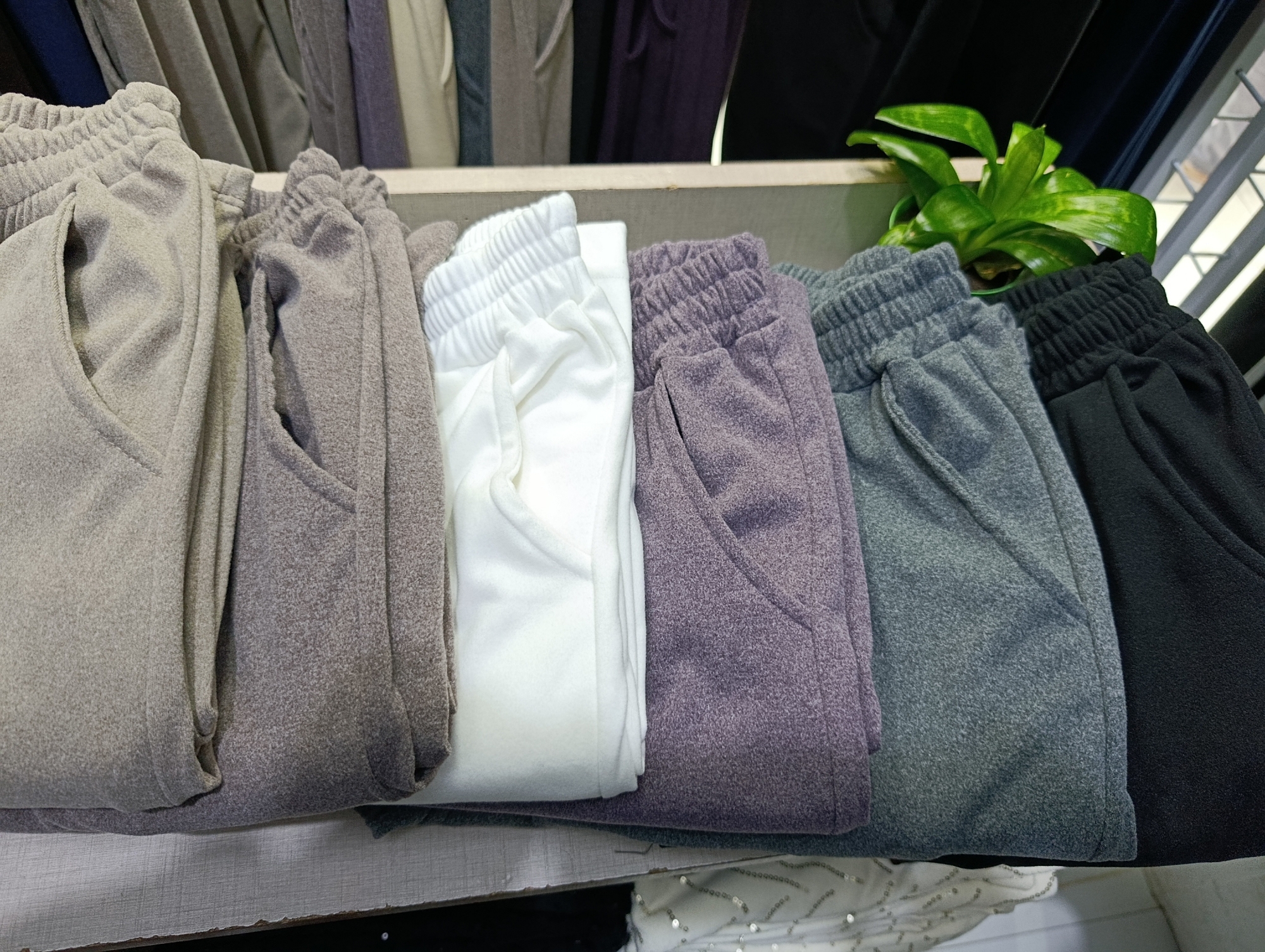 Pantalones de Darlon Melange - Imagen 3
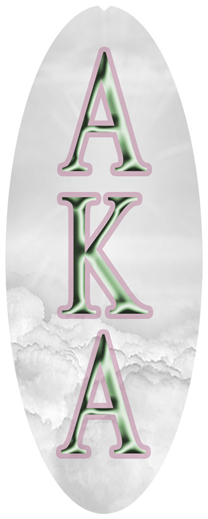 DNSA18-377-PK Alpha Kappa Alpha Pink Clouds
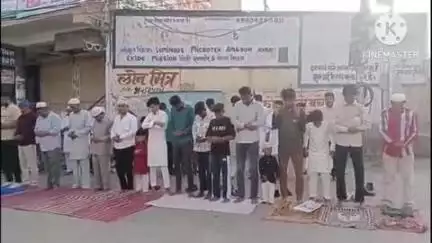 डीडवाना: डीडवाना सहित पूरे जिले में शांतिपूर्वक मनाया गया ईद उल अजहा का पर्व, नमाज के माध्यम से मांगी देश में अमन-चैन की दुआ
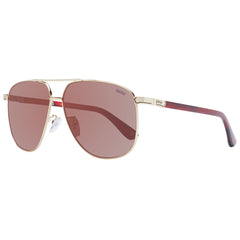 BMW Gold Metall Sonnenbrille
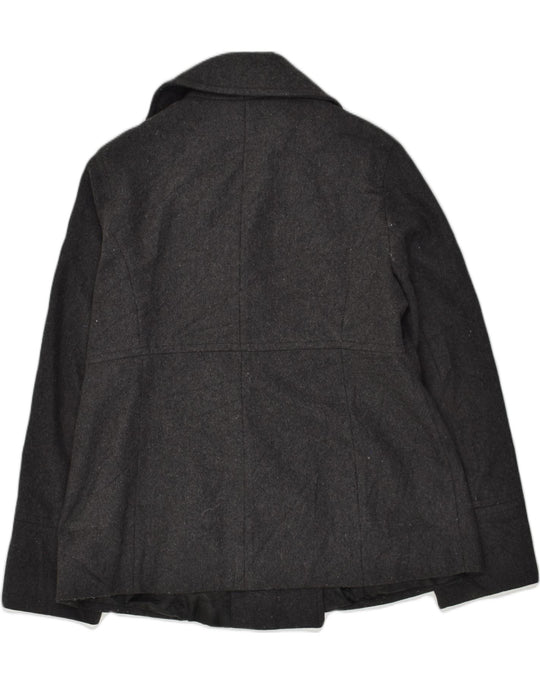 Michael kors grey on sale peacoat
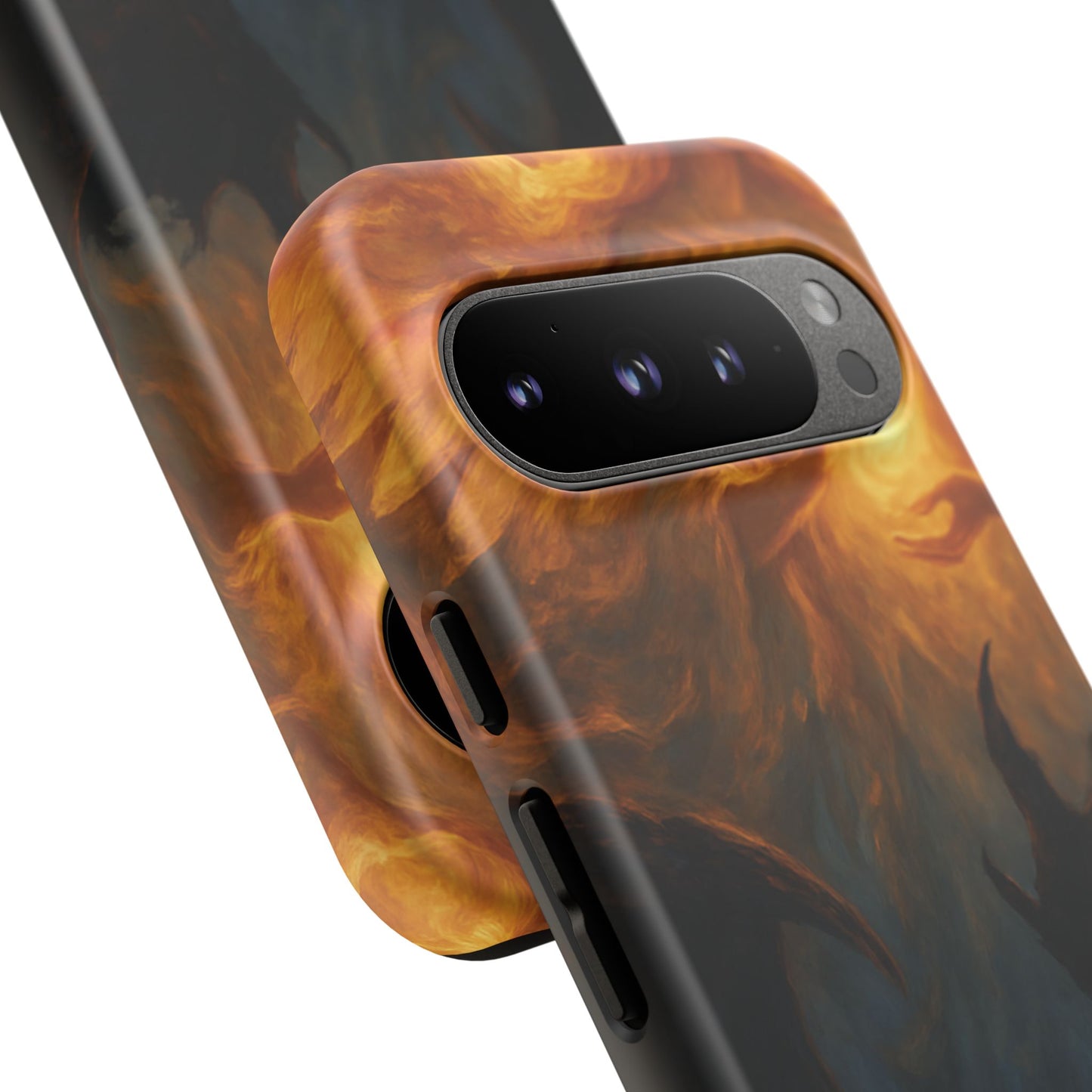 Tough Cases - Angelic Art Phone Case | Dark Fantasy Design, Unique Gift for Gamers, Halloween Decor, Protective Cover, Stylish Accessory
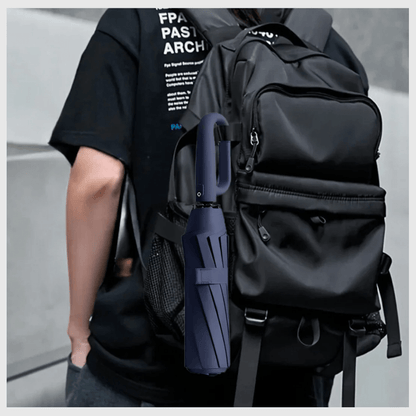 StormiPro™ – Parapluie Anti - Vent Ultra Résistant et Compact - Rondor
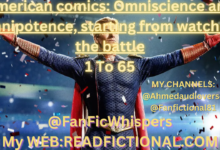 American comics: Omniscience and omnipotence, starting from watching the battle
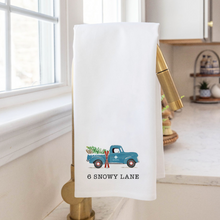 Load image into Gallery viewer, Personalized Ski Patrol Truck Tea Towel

========================================================================

• [Action item]: Quote exactly, and nothing besides, the lines from the one with "Michael kors grey on sale peacoat" through the end of the records above; include both ends and omit the pictures.

• [Written answer]:
 Michael kors grey on sale peacoat
 Tough Cases - Angelic Art Phone Case | Dark Fantasy Design, Unique Gift for Gamers, Halloween Decor, Protective Cover, Stylish Accessory
 StormiPro™ – Parapluie Anti - Vent Ultra Résistant et Compact - Rondor
 American comics: Omniscience and omnipotence, starting from watching the battle
 Load image into Gallery viewer, Personalized Ski Patrol Truck Tea Towel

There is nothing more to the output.